Dream budgets, fiscal nightmares
With five assembly elections ahead, the finance minister has to balance imperatives of coalition politics with the need to keep up the growth momentum and adhere to budget deficit reduction targets
N Chandra Mohan Delhi
Even if they later turn into fiscal nightmares, dream budgets are what union finance minister P Chidambaram is best known for. These hold out the promise of lower tax rates-making them hugely popular with the urban middle class and business-men—while boosting overall growth. As the ruling United Progressive Alliance (UPA) government is in power with left support, he also has to budget for higher expenditures as per the National Common Minimum Programme (NCMP) such as the national rural employment guarantee scheme and Bharat Nirman and still meet his revenue and fiscal deficit targets.
The union budget is an annual statement of the central government's finances. A revenue deficit is incurred when its tax revenues are not sufficient to meet its routine expenditures of administration. Like any individual or firm in a similar situation, it will perforce have to borrow or spend less. Another word for borrowings is the fiscal deficit. Even though the budget is also an occasion to articulate the UPA government's line and length on reforms—like further liberalising the regime for foreign direct investments, say, in the retail sector or insurance—the main effort is to meet the targets on deficit reduction.
What will complicate Chidambaram's efforts to spin another dream budget
on February 28, 2006 is the Fiscal Responsibility and Budget Management Act, 2004 (FRBM), according to which he has to reduce the revenue deficit by 0.5 per cent of GDP and fiscal deficit by 0.3 per cent every year, starting 2004-05. The left, for its part, has ruled out softer options to lower the fiscal deficit through disinvestment or partial sales of government's equity in public sector undertakings (PSUs) although the finance minister confidently states in every forum that the disinvestment process is very much 'on track'.

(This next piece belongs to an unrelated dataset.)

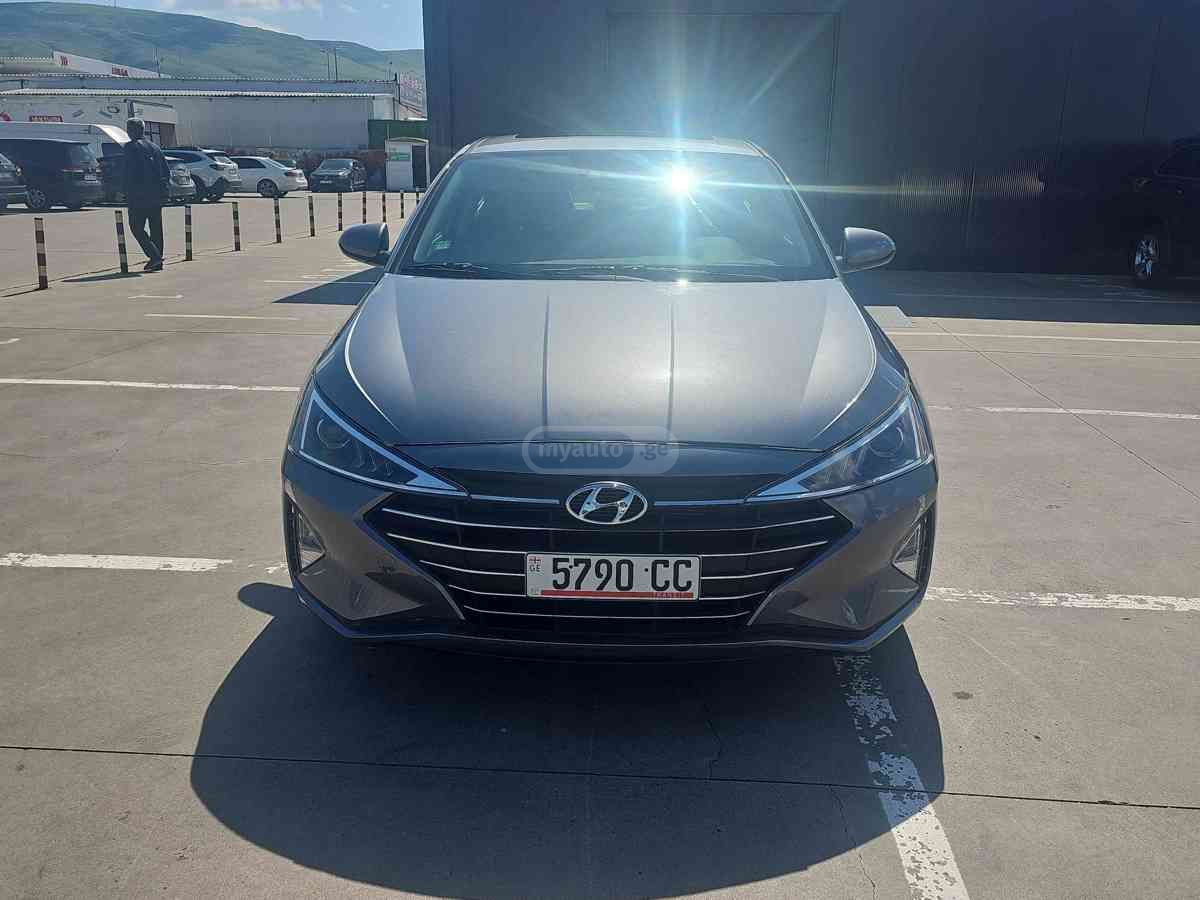 Hyundai Elantra 2020 — photo 2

The UPA government and its allies also face the compulsion of fighting five state assembly elections in 2006, which further narrows Chidambaram's room for manoeuvre in reducing wasteful expenditure as on subsidies. Exemplifying such pressures is the recent decision of the UPA government to 'put on hold' its decision to reduce the food subsidy bill which has been budgeted at whopping Rs 26,200 crore in 2005-06. Accordingly, the decision to raise the issue price and cut allocations of rationed foodgrain to reduce the subsidy bill has been deferred till the elections are out of the way.
'Terming it as a dream budget on the first day is very superficial. It should be made at the end of the financial year,' an understandably cautious finance minister recently told the Forum of Financial Writers. 'If a budget, together with other major policy initiatives taken by the government, promotes a growth of say, over, 7 or 7.5 or 8 per cent, it can be classified as a good one,' he added. While promising that tax rates will not be raised, he has also hinted that government will cut the revenue deficit by 0.5 per cent to 2.2 per cent of GDP and the fiscal deficit by 0.3 per cent to 4 per cent of GDP in 2006-07. Chidambaram's confidence to deliver such a budget stems largely from the robust growth momentum of the Indian economy, which grew by 8 per cent in two successive quarters in 2005-06 and 7.5 to 8 per cent for the year as a whole. All his budgets, in fact, assume that this faster pace will continue during the next few years—overall growth of 7 to 8 per cent with inflation of 4 to 5 per cent. It is this favourable context of faster growth-making India—one of the fastest growing economies in the world today—that enables the finance minister to fervently hope that his budget will boost growth.